[Start of section]

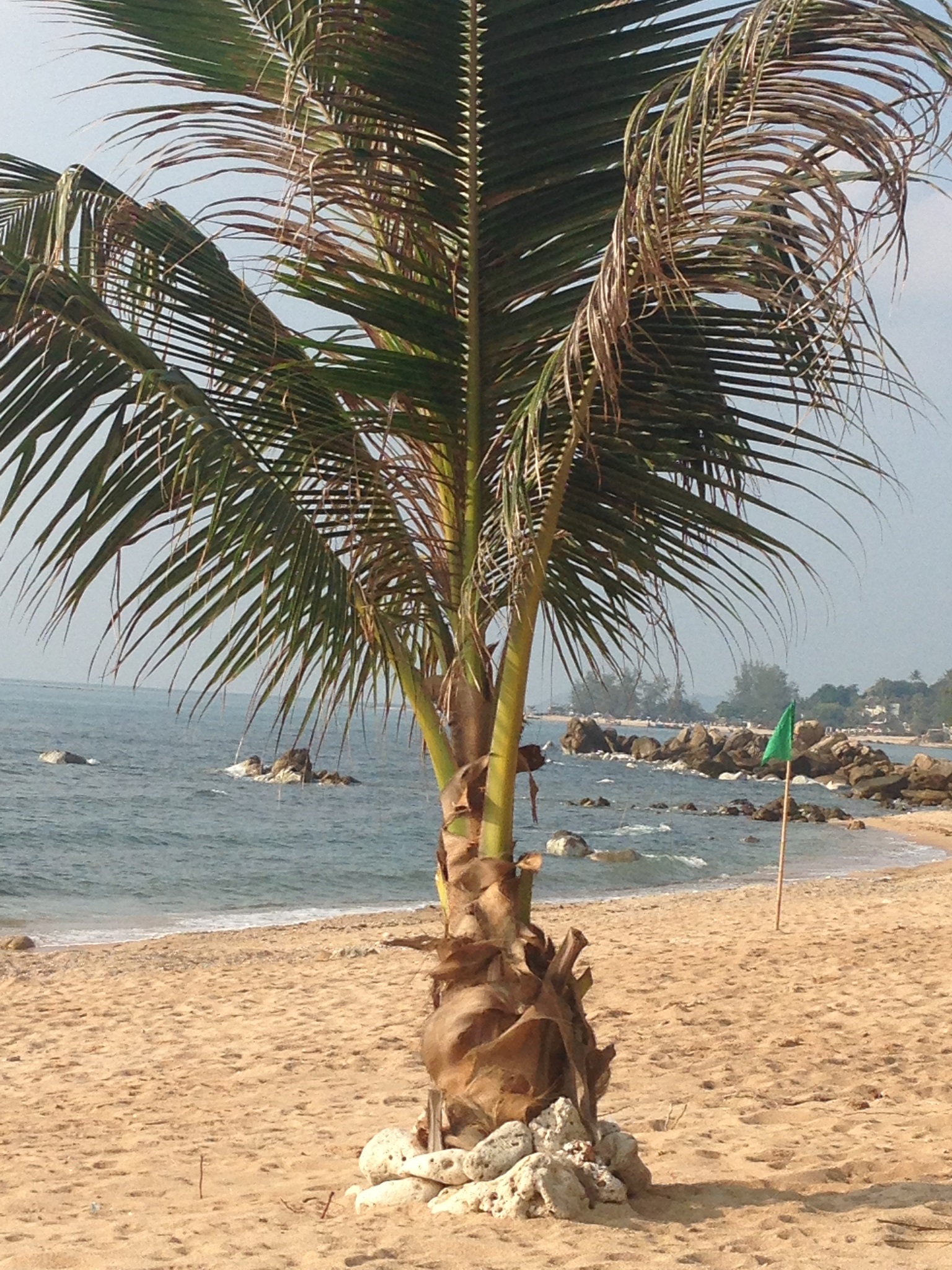 Banyan House Samui Bed and Breakfast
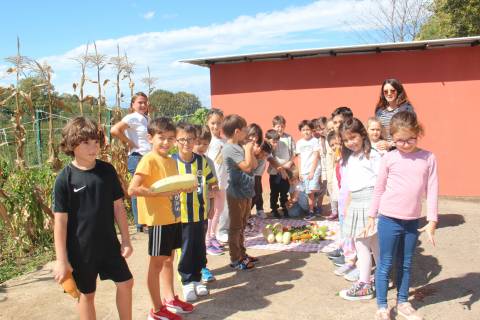Doğa İçindeki Kampüsümüzde Öğrencilerimiz Yaşayarak Öğreniyorlar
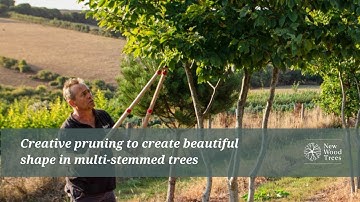 Creative pruning to create beautiful shape in multi-stemmed trees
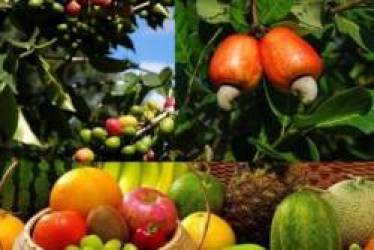 Bản tin thị trường nông, lâm, thủy sản số ra ngày 20/2/2022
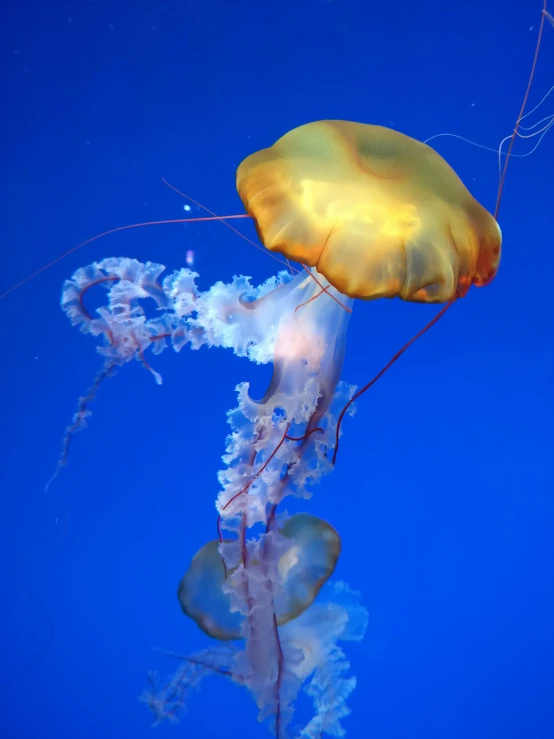 a yellow jellyfish swimming through the water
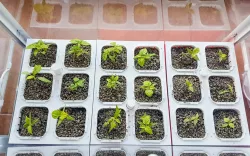 Hydroponic garden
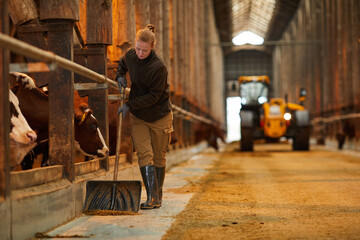 Full length portrait of young woman cleaning cow shed while working at farm or family ranch, copy...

[End of section]

INSTRUCTIONS FOR THE TASK →
Take the listing above and print it exactly, apart from the pictures.

EXERCISE ANSWER →
 Banyan House Samui Bed and Breakfast
Doğa İçindeki Kampüsümüzde Öğrencilerimiz Yaşayarak Öğreniyorlar
 Creative pruning to create beautiful shape in multi-stemmed trees
 Bản tin thị trường nông, lâm, thủy sản số ra ngày 20/2/2022
 a yellow jellyfish swimming through the water
 Hydroponic garden
 Full length portrait of young woman cleaning cow shed while working at farm or family ranch, copy...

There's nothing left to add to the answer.